• PROBLEM STATEMENT
Write out again, exactly as they appear, the lines from the start of the data below through the line with "Mercedes-Benz Actros 2542"; no pictures.
(EXTRACTED ENTRIES begins)
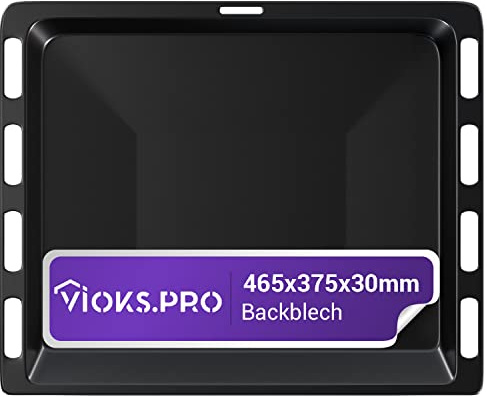 Viоks.pro Backblech 465x375 mm Backblech Tief Ersatz für Bosch Backblеch 00662999 662999 - Fettpfanne Backofen Backblеch Emailliert Baking Tray - Backbleche für Siеmеns Constructa Profilo Backofen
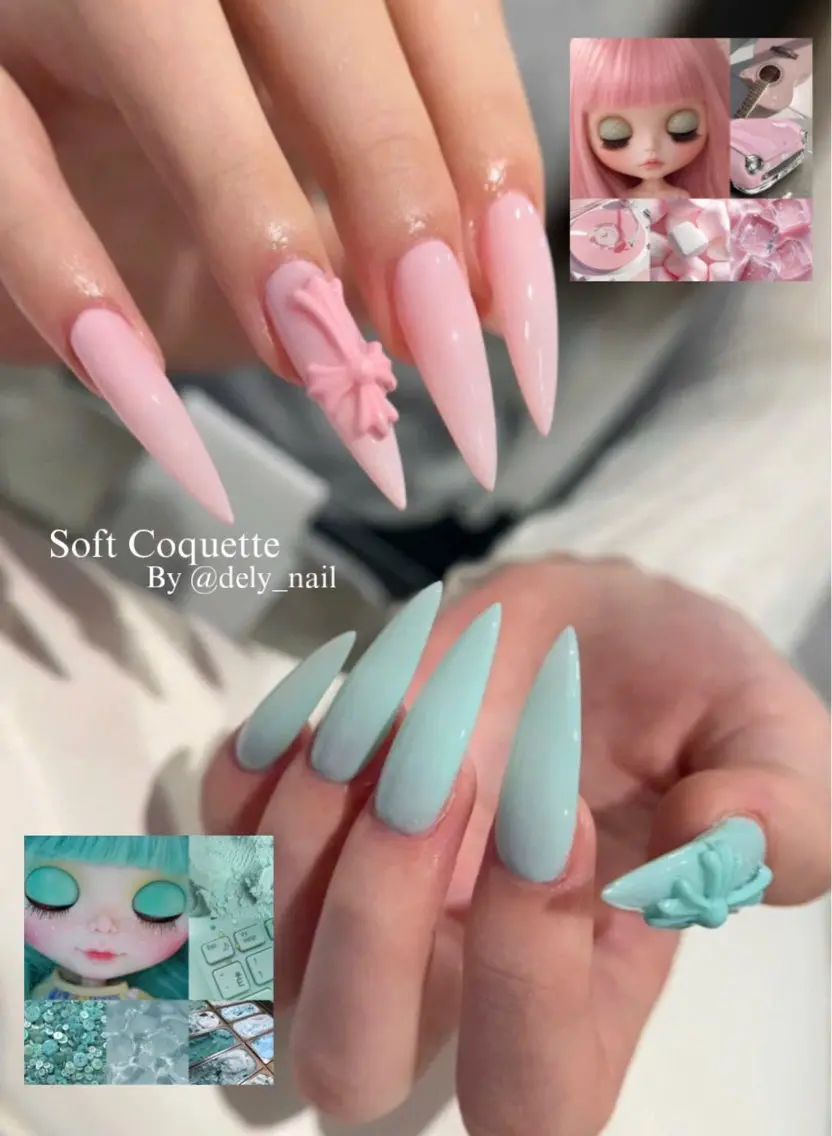 ロング 韓国風ヘア ロング ハンドネイル Dely Nailのネイルデザイン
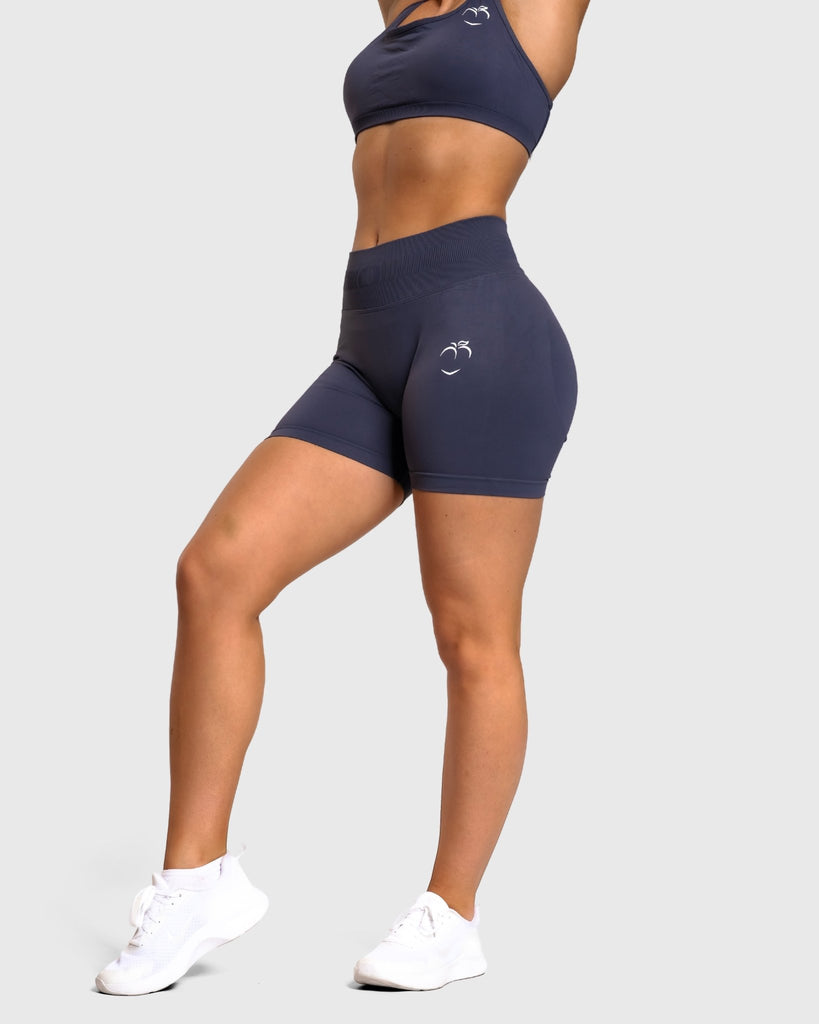 Steel Blue Impact Shorts - Peach Tights - Shorts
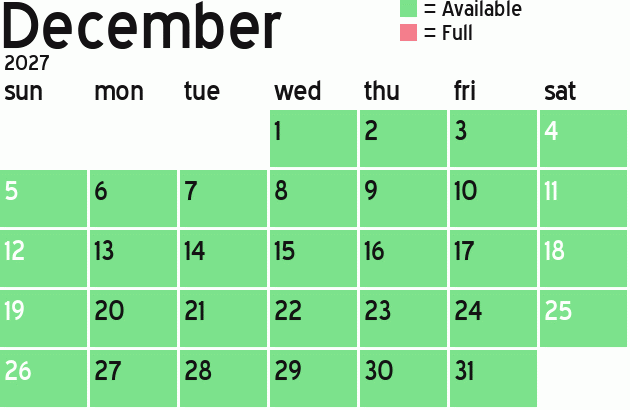 Missionary Dinner Calendar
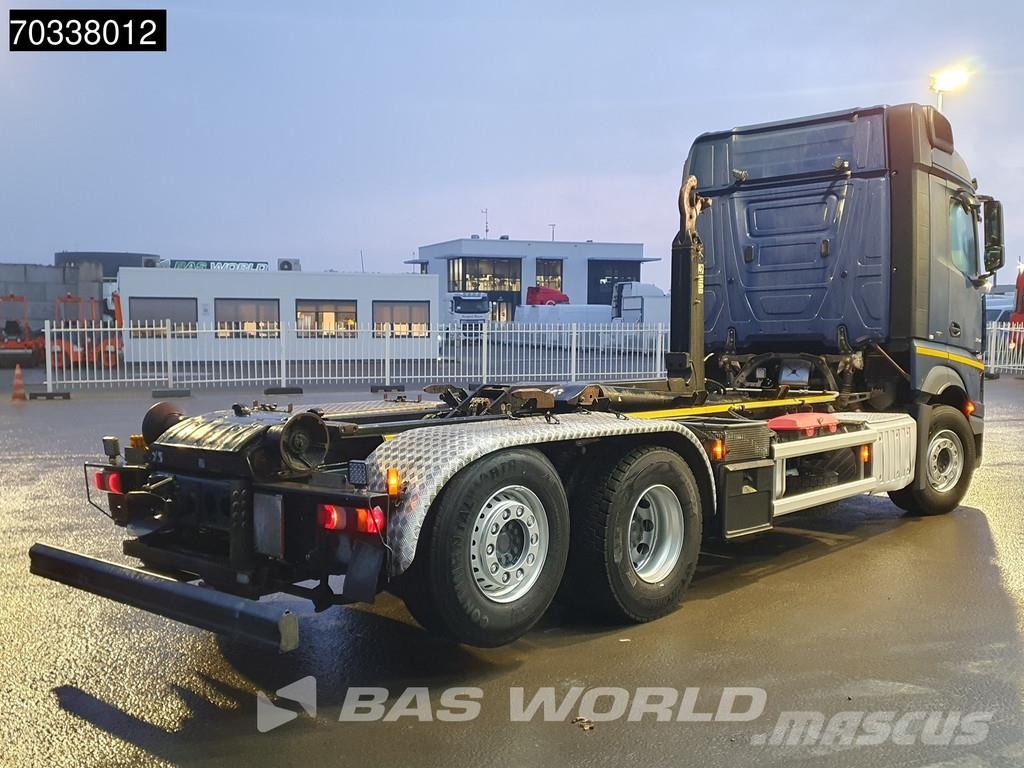 Mercedes-Benz Actros 2542 6X2 HIAB XR21S59 containersystem Lift+ Hákový nosič kontajnerov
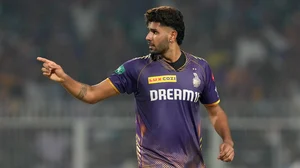 AP : Kolkata Knight Riders seamer Harshit Rana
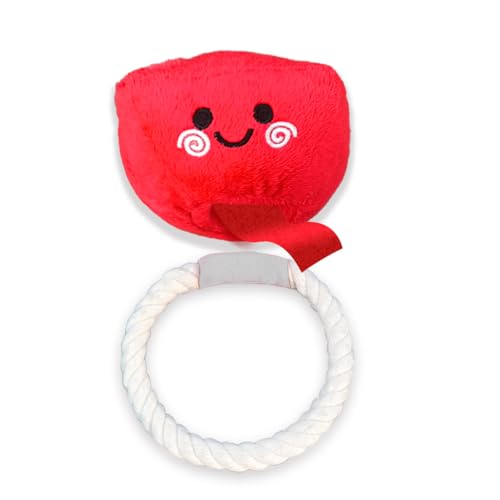 Image of Mutt of Course Dog Toy Plush Squeaky Toy for Dogs | Wedding Ring Design | Soft Chew & Tug Toy for Puppies & Small Dogs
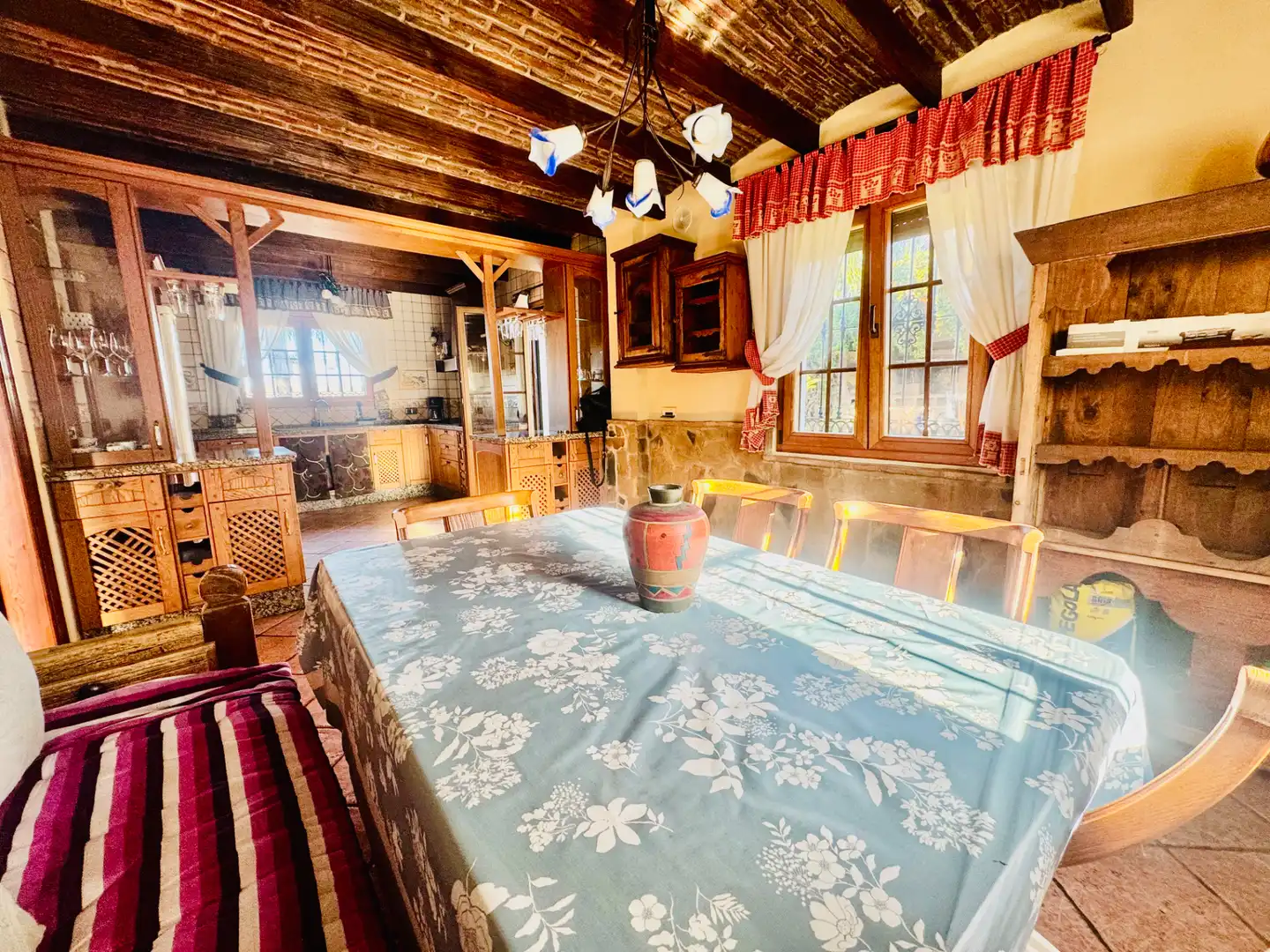 Dining room of Houses for sale in Mijas  with Air Conditioner, Heating and Private garden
(EXTRACTED ENTRIES ends)
• WRITTEN ANSWER
 Viоks.pro Backblech 465x375 mm Backblech Tief Ersatz für Bosch Backblеch 00662999 662999 - Fettpfanne Backofen Backblеch Emailliert Baking Tray - Backbleche für Siеmеns Constructa Profilo Backofen
 ロング 韓国風ヘア ロング ハンドネイル Dely Nailのネイルデザイン
 Steel Blue Impact Shorts - Peach Tights - Shorts
 Missionary Dinner Calendar
 Mercedes-Benz Actros 2542 6X2 HIAB XR21S59 containersystem Lift+ Hákový nosič kontajnerov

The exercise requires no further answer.